# [Task brief]
Word for word, restate the records from their first line through the line with "Orbea Rise M-Team", both ends included; omit each picture.

# [Dataset]
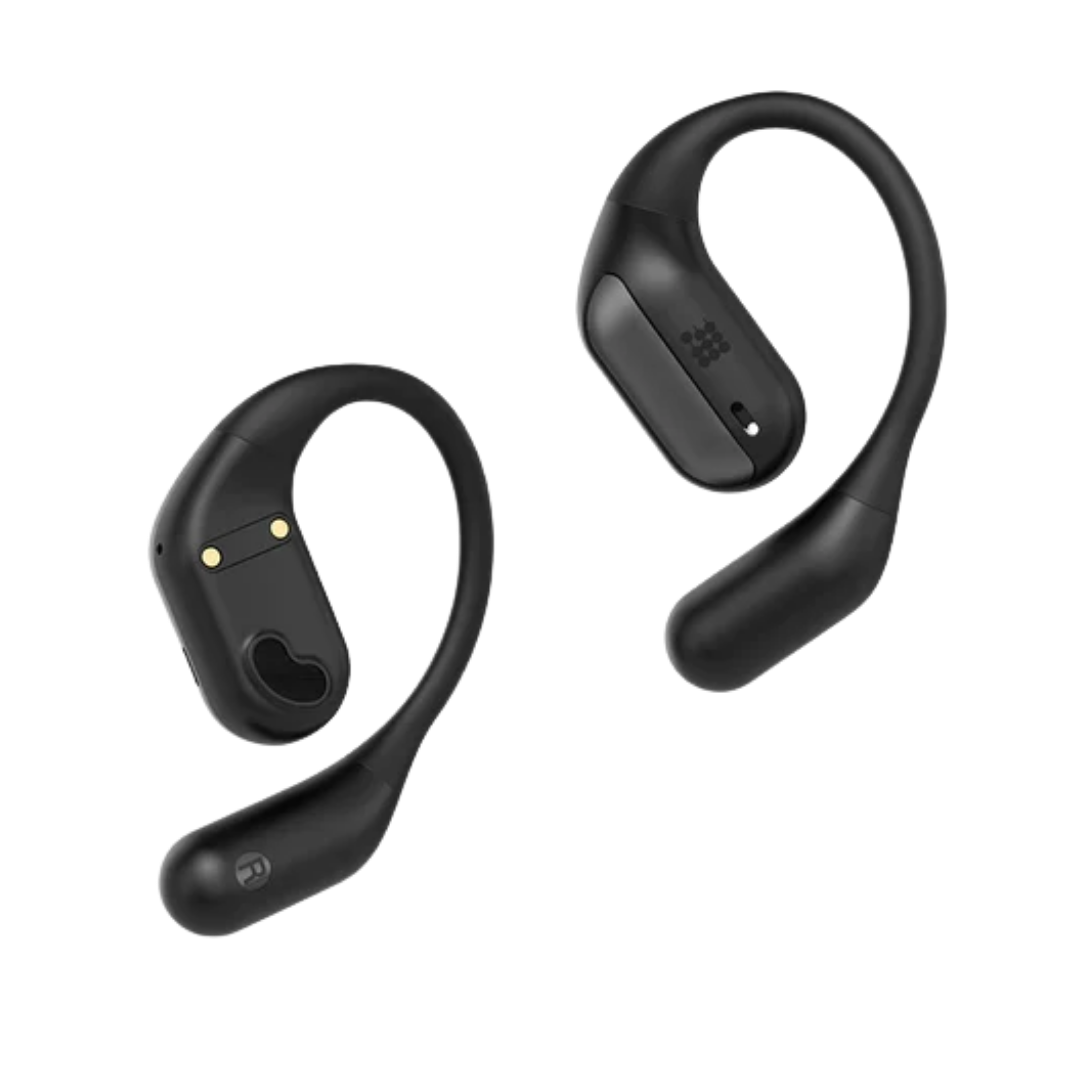 Audífonos Cubitt Power Open-Ear Buds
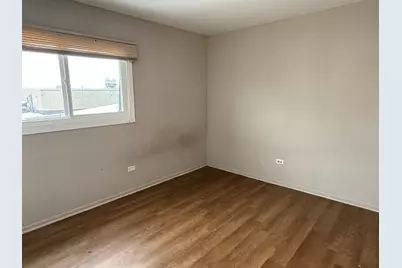 1020 9th Street #4, Harvard, IL 60033 - Photo 7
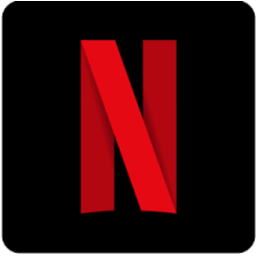 Netflix sv4 app download apk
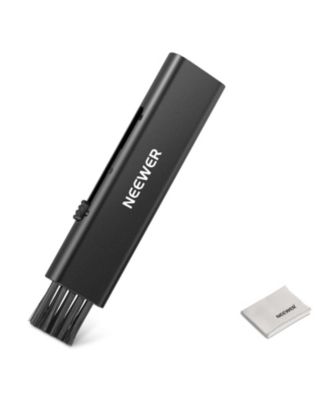 HM-45 Camera and Photo Accessory with 2 in, 1x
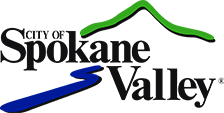 Meet the two newest members of Spokane Valley City Council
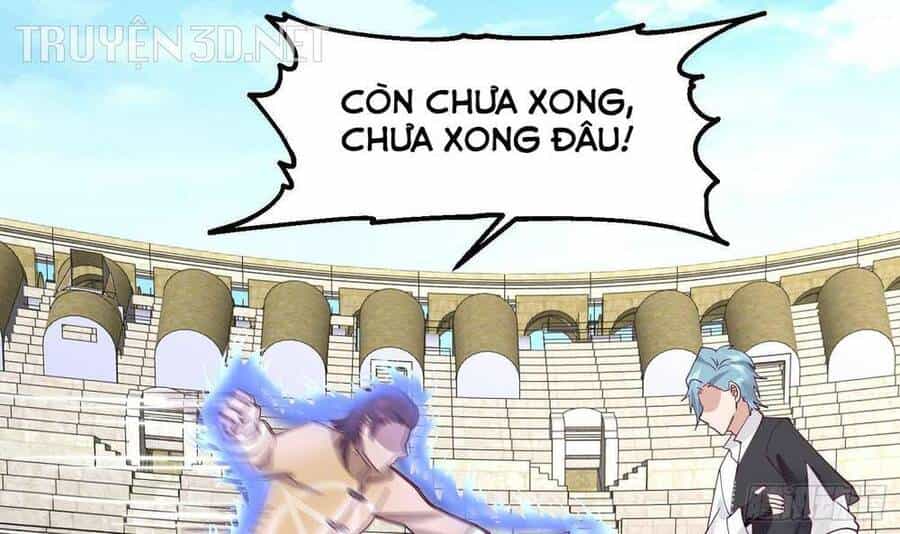 Trên Người Ta Có Một Con Rồng - Chương 608 - ảnh 3
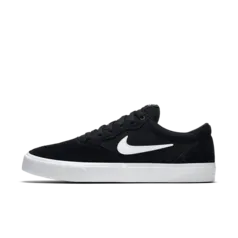 Tênis Nike SB Chron Solarsoft Unissex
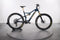 Orbea Rise M-Team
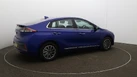 2022-hyundai-ioniq-e-premium-electric-small-50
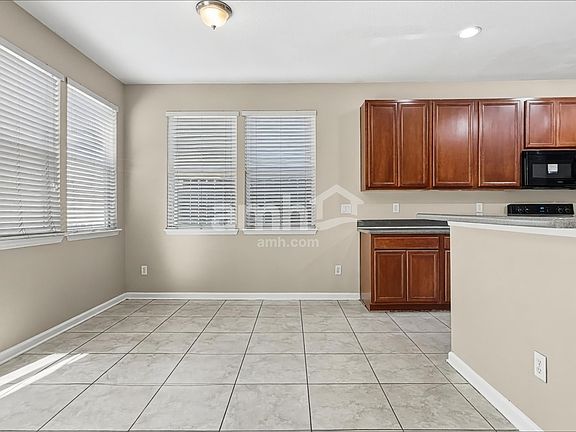 5th image of 4032 Ringneck Dr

# [Result for this exercise]
 Audífonos Cubitt Power Open-Ear Buds
 1020 9th Street #4, Harvard, IL 60033 - Photo 7
 Netflix sv4 app download apk
 HM-45 Camera and Photo Accessory with 2 in, 1x
 Meet the two newest members of Spokane Valley City Council
 Trên Người Ta Có Một Con Rồng - Chương 608 - ảnh 3
 Tênis Nike SB Chron Solarsoft Unissex
 Orbea Rise M-Team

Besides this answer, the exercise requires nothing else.